Beware of website extensions
Another technique widely used by hackers to endanger our security and privacy is to offer us the possibility of installing several extensions at the same time from the same website. Even, to gain trust, it allows us to install some directly from the Chrome Store, and the others by hand. Therefore, we should avoid websites that offer multiple extensions bundled together. We say this because there are developers who use this tactic to introduce some malicious extensions into the suite without us noticing.
It tends to be common, especially on web pages that offer illegal downloads, since it is part of the hackers’ advertising campaign (they charge money for each installation). And, also, in suspicious links that we often find on social networks.
Ask questions or problems with the developer
If we install an extension, and either we don’t know how it works, or we notice suspicious behavior, we can also choose to contact the developer to explain how it works. Generally, developers who are trustworthy tend to support and help us with any problems we may have. Therefore, if this is not the case, then we must be suspicious.
Therefore, we can also send an email to the developer to ask any questions we have. Thus, if we are not satisfied, we can discard its installation, or delete it if we had already installed it.
Check the reviews (especially the negative ones)
Another tip to avoid inadvertently installing dangerous extensions is to read user comments before installing them. Within the Chrome Store itself, each extension has a reviews section, where users can help others find out what the extension does, if it works, if it has problems or, why not, if it hides malware.
With a simple glance we can find out if the extension is legit, or if we install it, it can cause us all kinds of problems. We can also do a quick Google search to see if any blogs have discussed any security issues with any extensions.
Look for the badges
Another way to ensure that a store extension is legit is to look for Google badges. When an extension meets a set of quality goals, Google rewards you with two different badges: one for “Featured” and one for “Publisher.”
The Publisher badge is awarded when developers have verified their identity and are in compliance with the Developer Program Policies. On the other hand, the Featured badge is assigned only to those extensions that follow technical best practices. They must also meet a high standard of design and user experience.
Activate the protection of Google Chrome extensions
It is possible that a hitherto legitimate extension might suddenly turn out to be a malicious extension.
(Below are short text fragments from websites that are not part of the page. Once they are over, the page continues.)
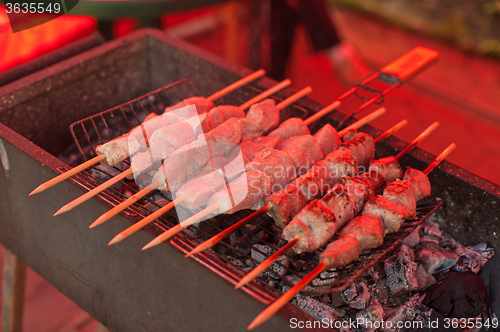 Image of Grilling marinated shashlik 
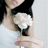 A person holds a white flower against a light background, with text on the right reading 'but... i like you more then a friend <3'.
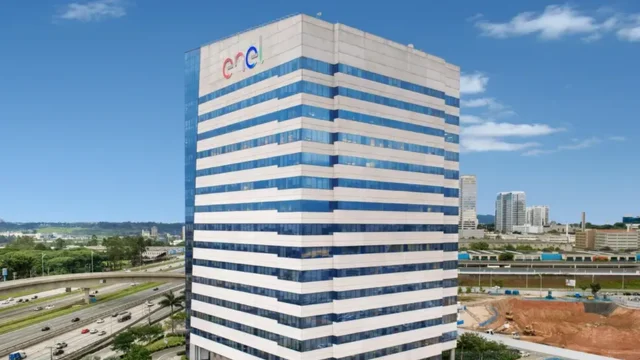 Vista externa de um moderno edifício corporativo envidraçado com o logotipo da Enel em destaque no topo, representando a infraestrutura da Enel São Paulo.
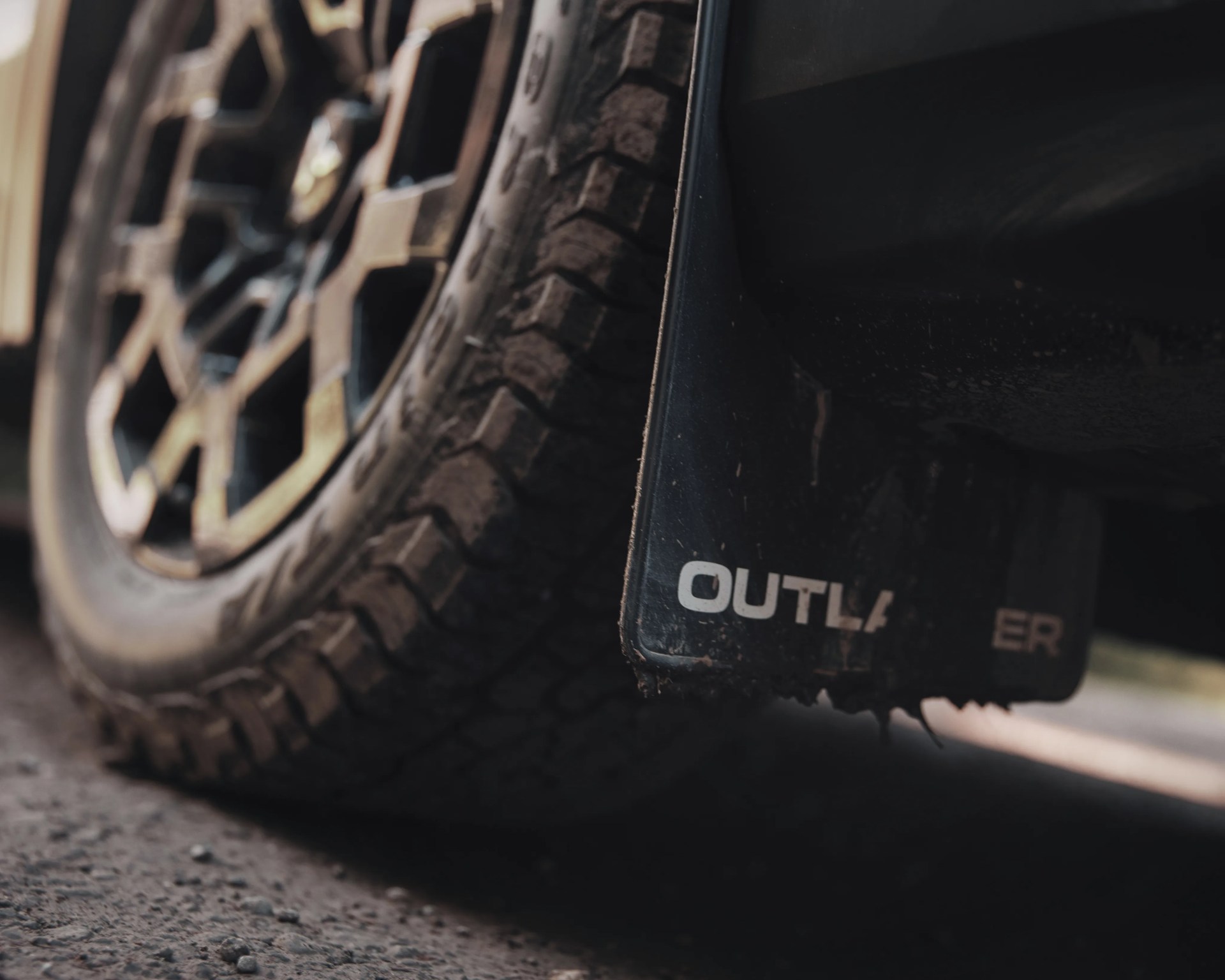 Close-up of a rugged off-road tire and a black mudflap with partially visible "OUTLA" text on a dirt surface.
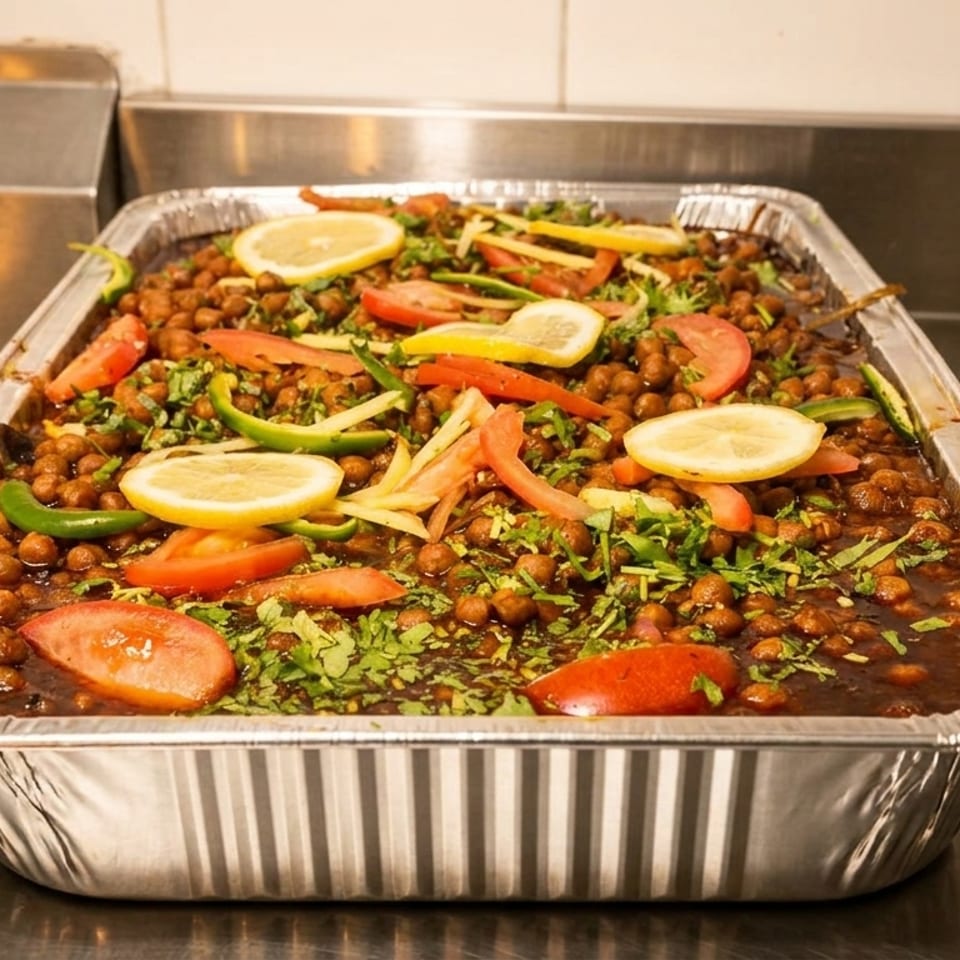 Aluminum catering tray filled with chickpeas in rich sauce, garnished with lemon slices, tomatoes, peppers, and cilantro.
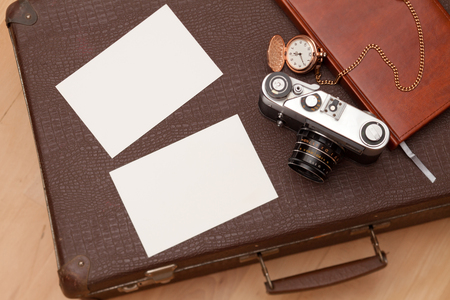 Photos and an old retro camera on a suitcaseの写真素材
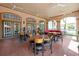 Community room with tables and chairs for residents at 1375 Tuscana Ln # 1308, Davenport, FL 33896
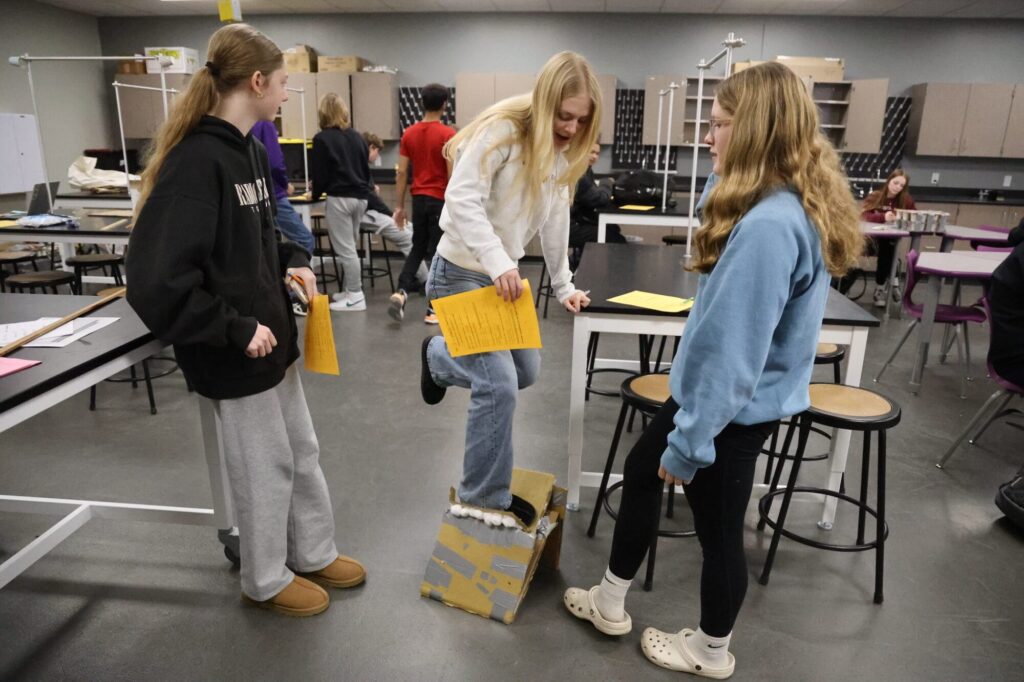 Freshman Florrah Mehaffy gives her chest plate one final test while co-builders Josie Newell and Saoirse Hermann look on Jan. 16, 2025, in Brian Blake’s classroom at Burlington High School. Despite having tested the most effective of the chest plates in their class, the structure could not hold up to the power of a teen-sized human.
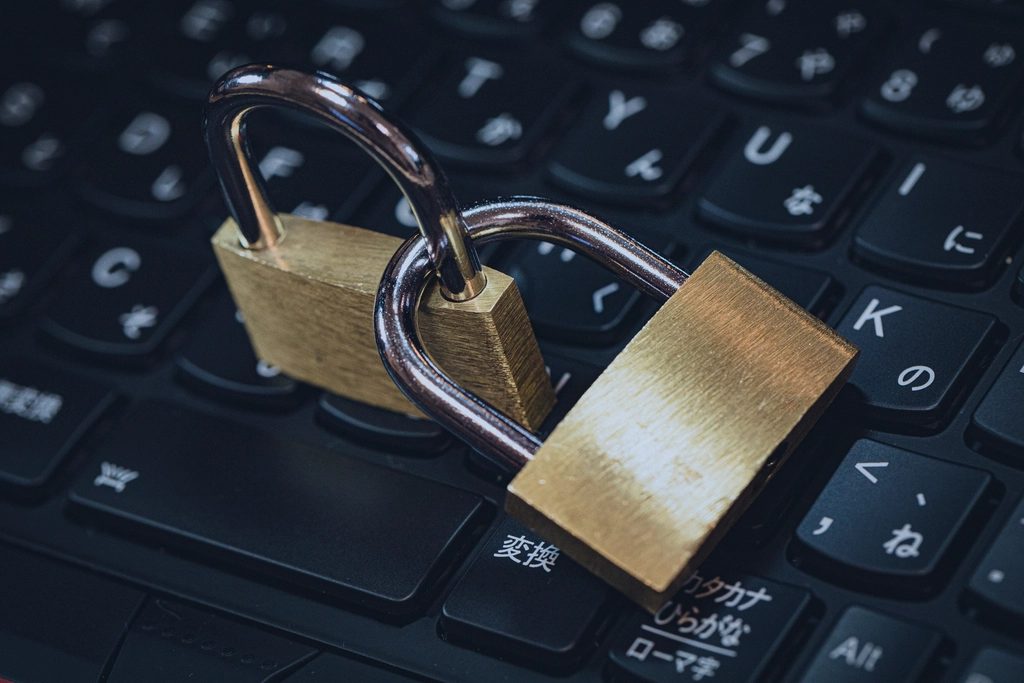 Padlocks on a keyboard representing security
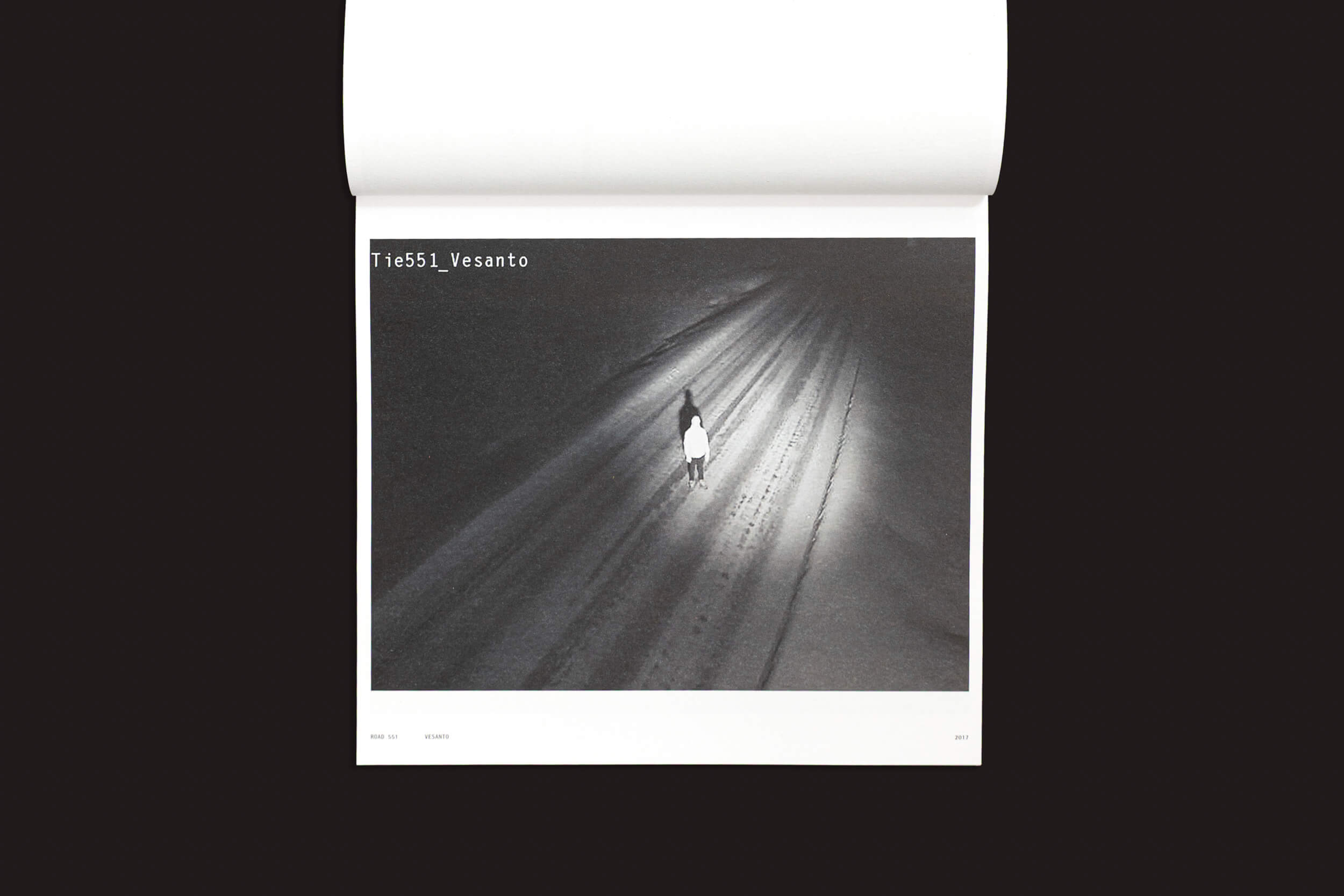Uma foto em preto e branco de "Tatu Gustafsson: I on the Road / Weather Camera Self-Portraits, 2012-2021" da Fw:Books mostra uma figura solitária em uma estrada com neve à noite, iluminada por uma luz. O canto superior esquerdo apresenta "TIE551, Vesanto", adicionando um toque enigmático que lembra fotografia alternativa.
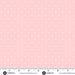 pale pink polka dot fabric with a measuring tape at the bottom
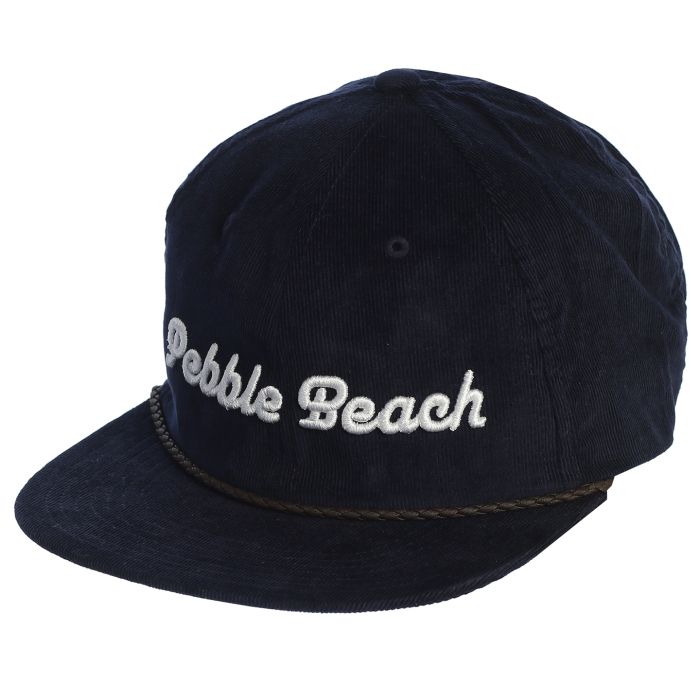 Navy blue corduroy cap with 'Pebble Beach' embroidery in white with a brown leather rope on a white background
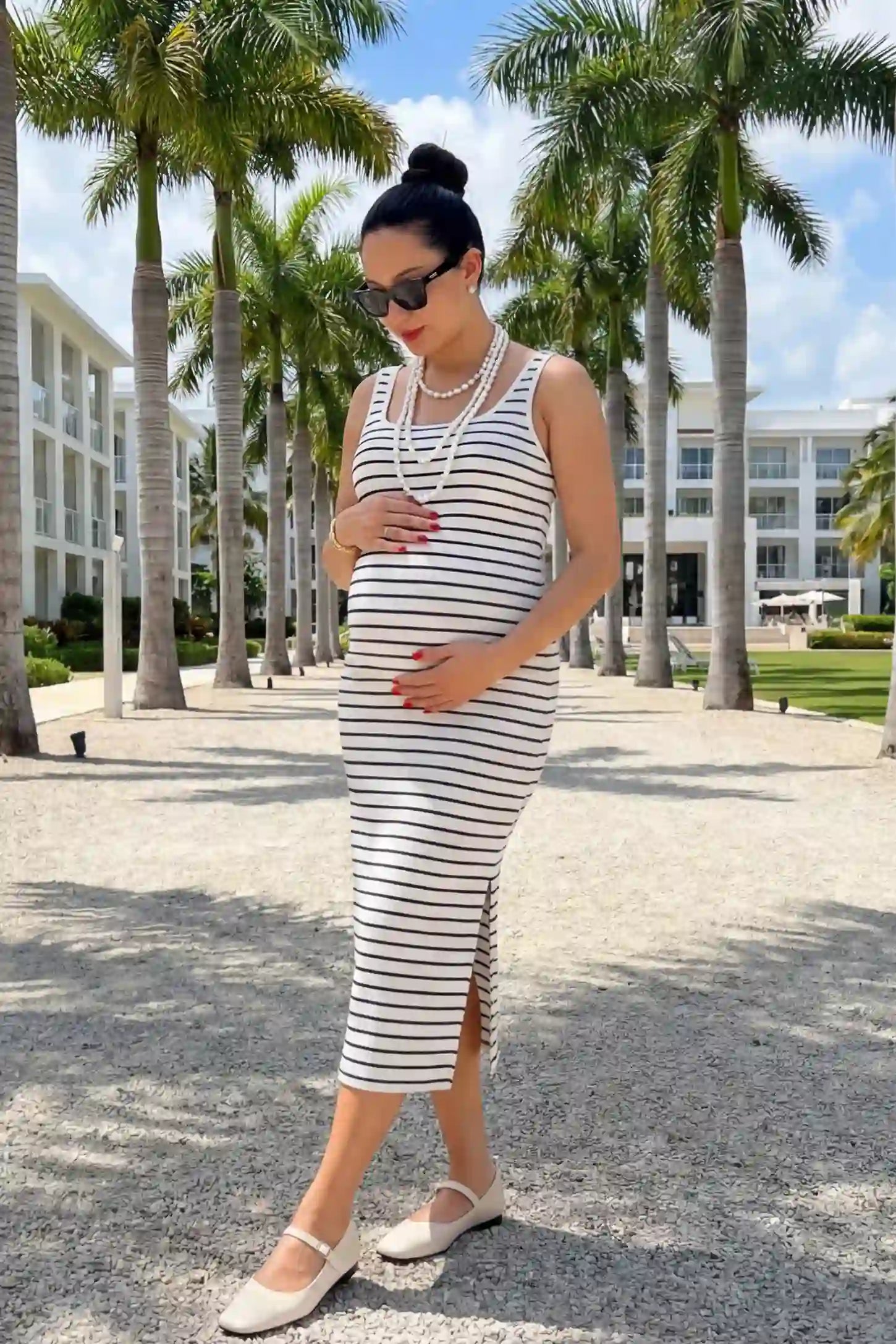 Striped Spaghetti Strap Side Slit Midi Maternity Dress Striped spaghetti strap side slit midi maternity dress in white featuring classic black-and-white stripes in front view on a pregnant model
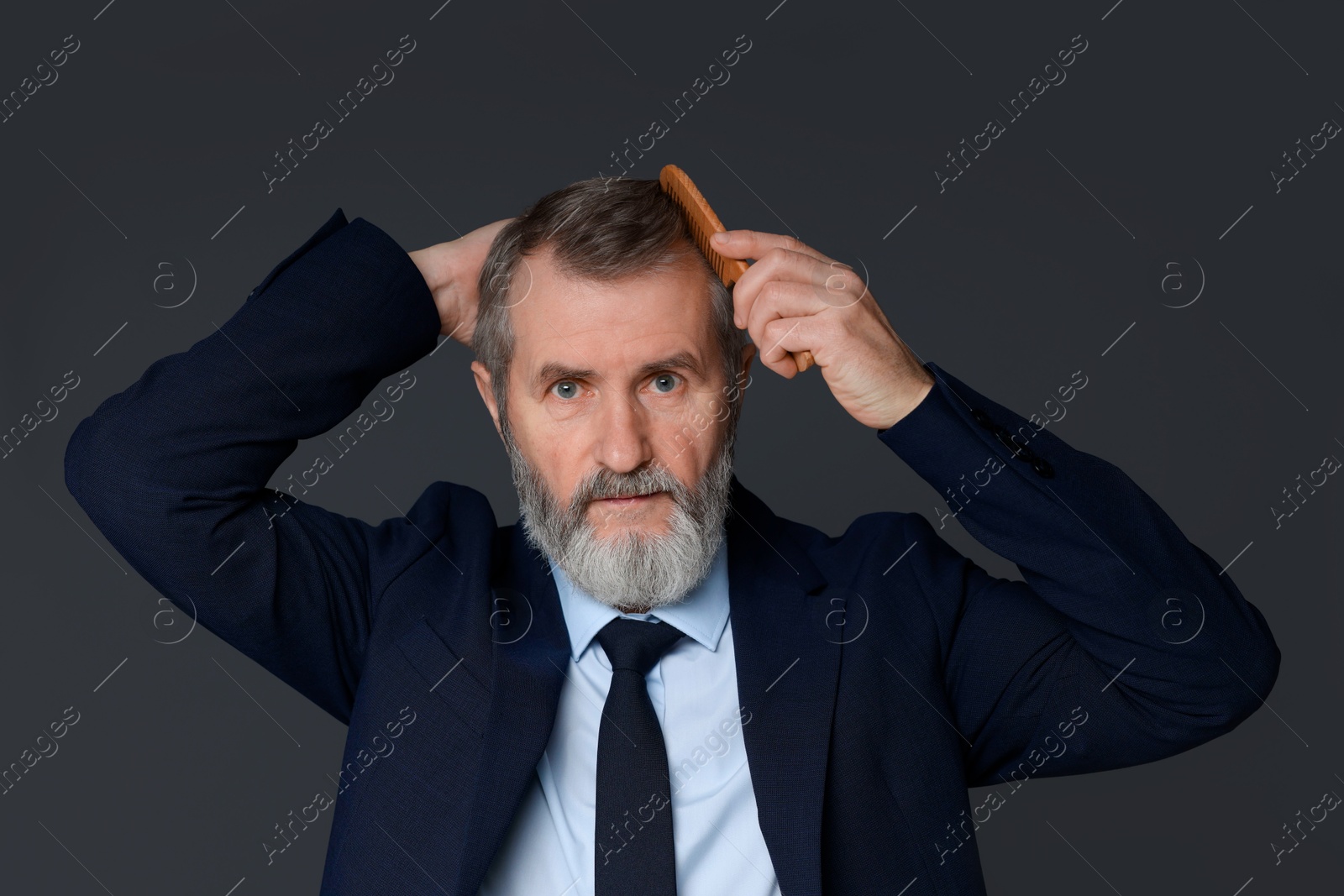 Photo of Handsome man combing his hair on dark grey background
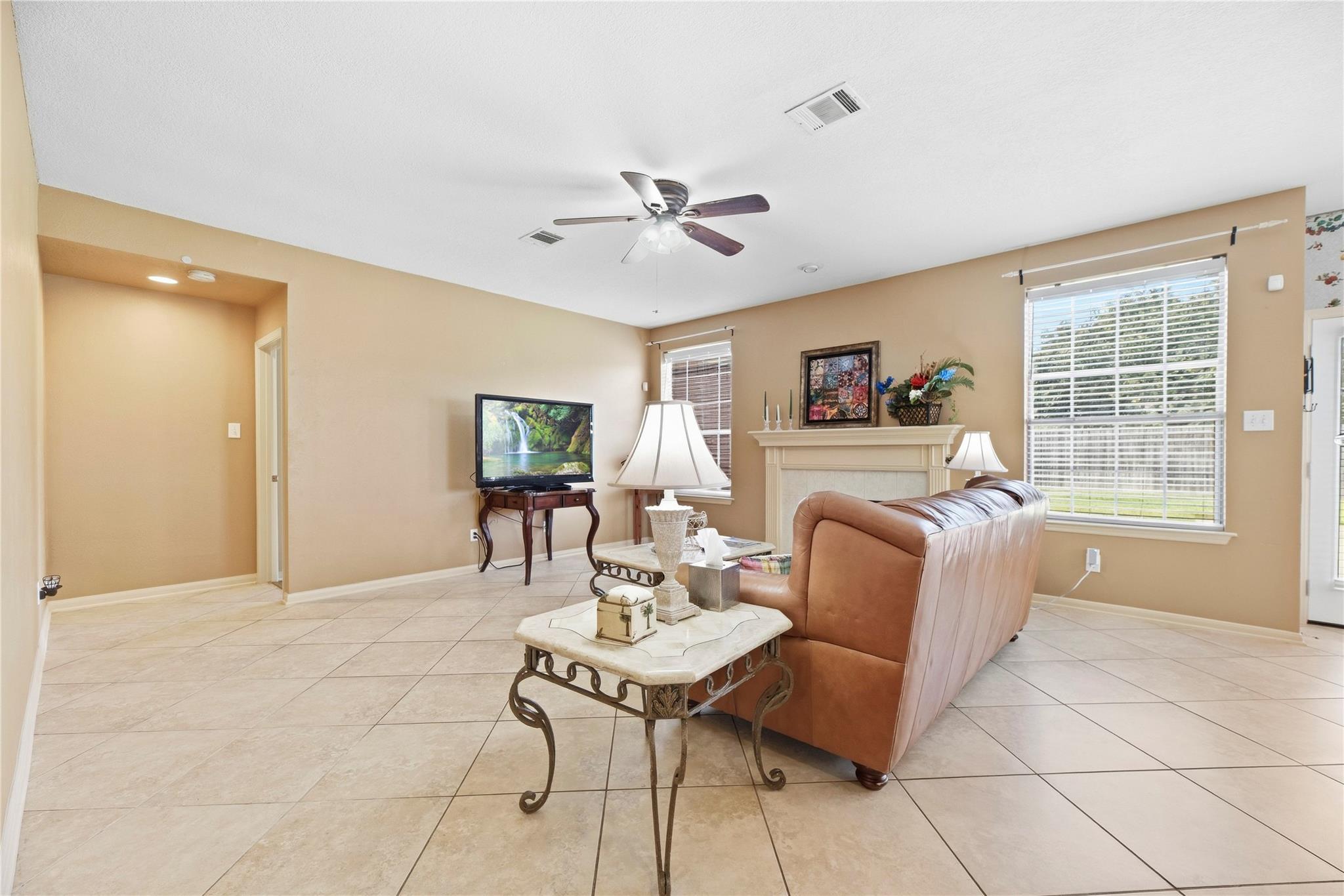 Furnished living room with a brown leather sofa, tiled floor, fireplace, and large windows with blinds.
This is common, for example, when the original developers of an extension sell it to third parties, or when a hacker steals a developer’s account and uploads a modified version of it.
To protect us from these dangers, Chrome has a security feature that checks our browser on a regular basis so that we can detect any security issues before it’s too late. To activate this security measure, we must type the following URL in the address bar:
chrome://settings/security
Once inside, we will activate standard security or enhanced security. And, in this way, if Chrome detects any problem in the browser (for example, a malicious extension), it will automatically disable it and notify us of the problem so that we can proceed with its removal.